* [Brief]
Word for word, retype the lines from the one containing "Cojín cervical de tela negro" to the one containing "A house with" below, keeping both end lines and dropping the pictures.

* [Materials provided]
────────────────

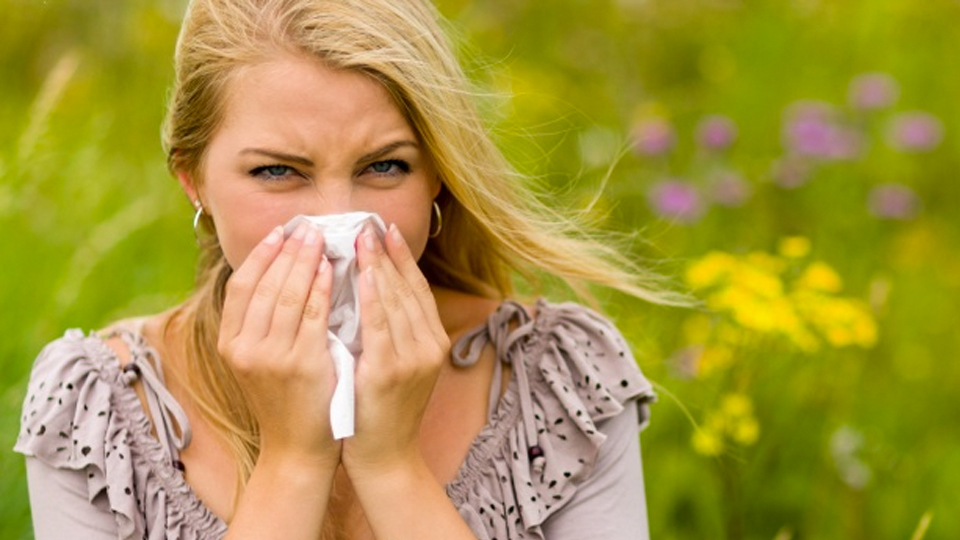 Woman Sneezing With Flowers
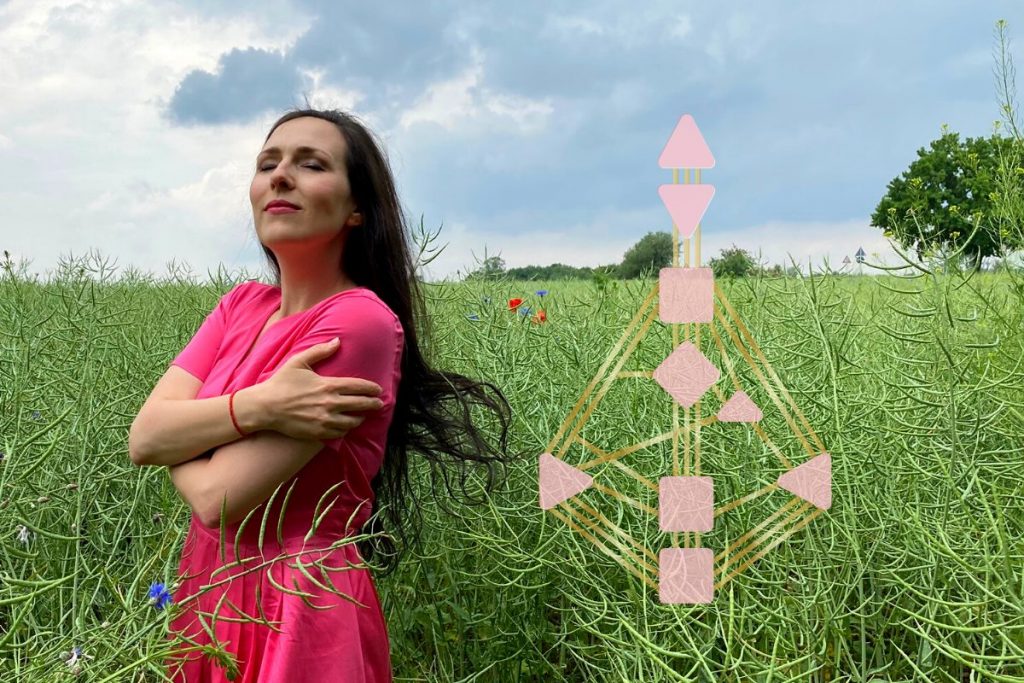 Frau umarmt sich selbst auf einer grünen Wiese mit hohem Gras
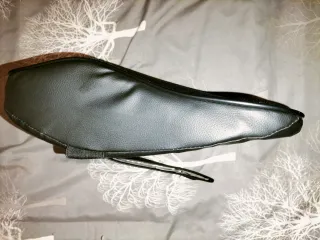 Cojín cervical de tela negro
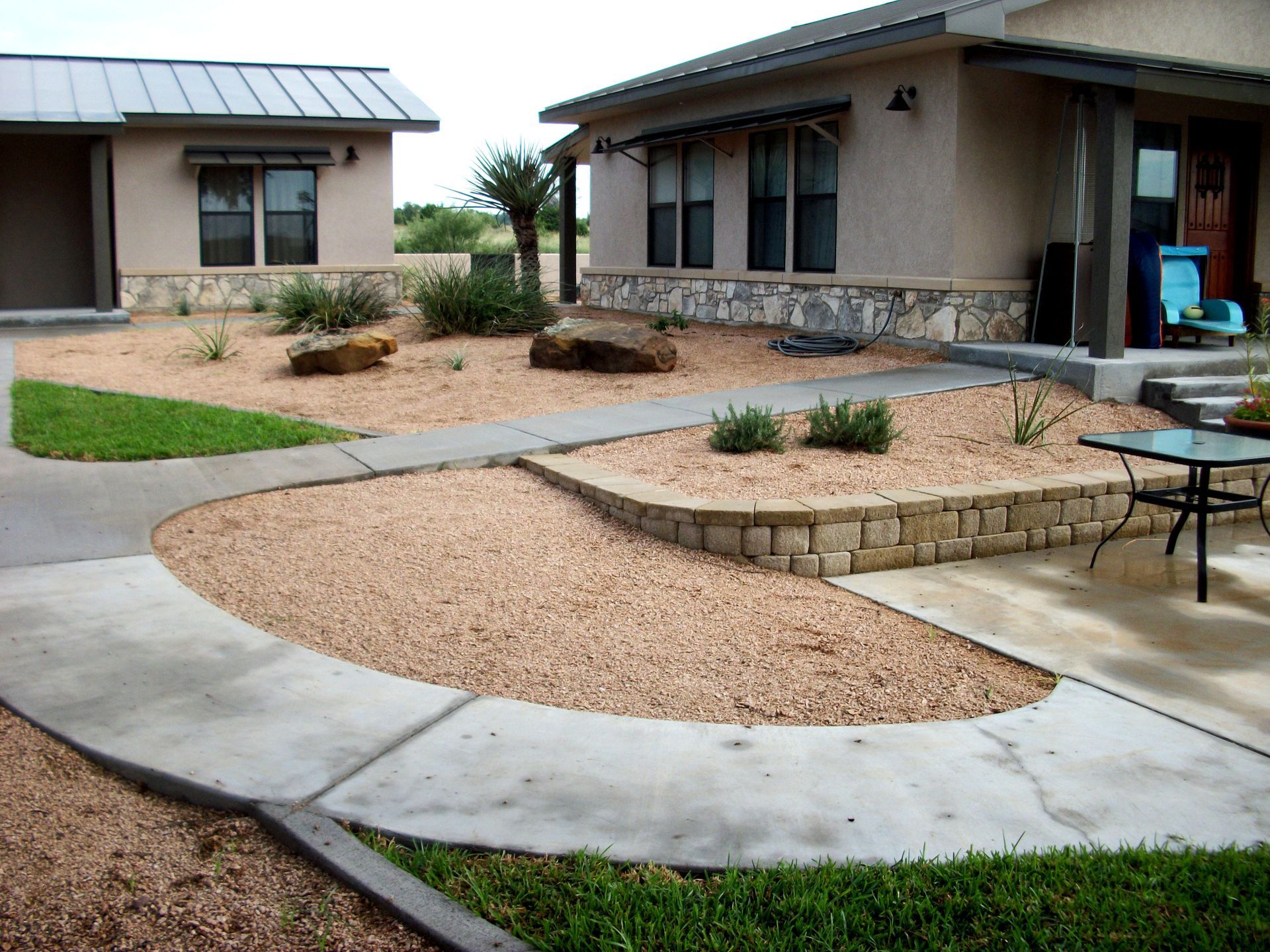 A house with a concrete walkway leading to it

────────────────

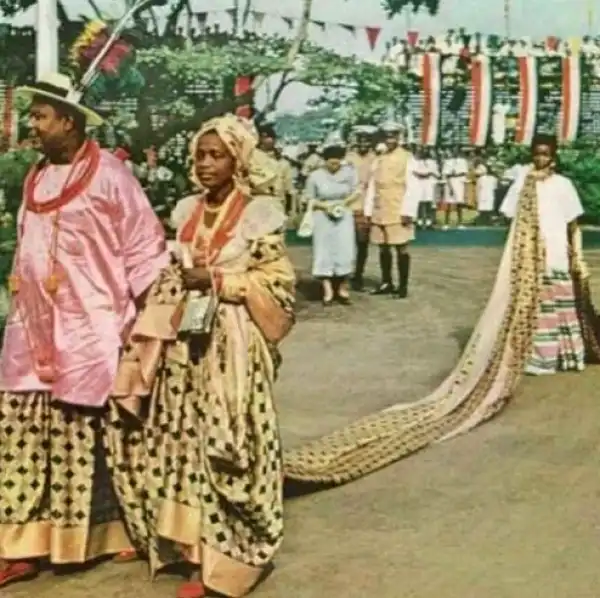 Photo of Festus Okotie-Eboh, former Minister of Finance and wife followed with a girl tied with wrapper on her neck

────────────────

* [Worked solution]
 Cojín cervical de tela negro
 A house with a concrete walkway leading to it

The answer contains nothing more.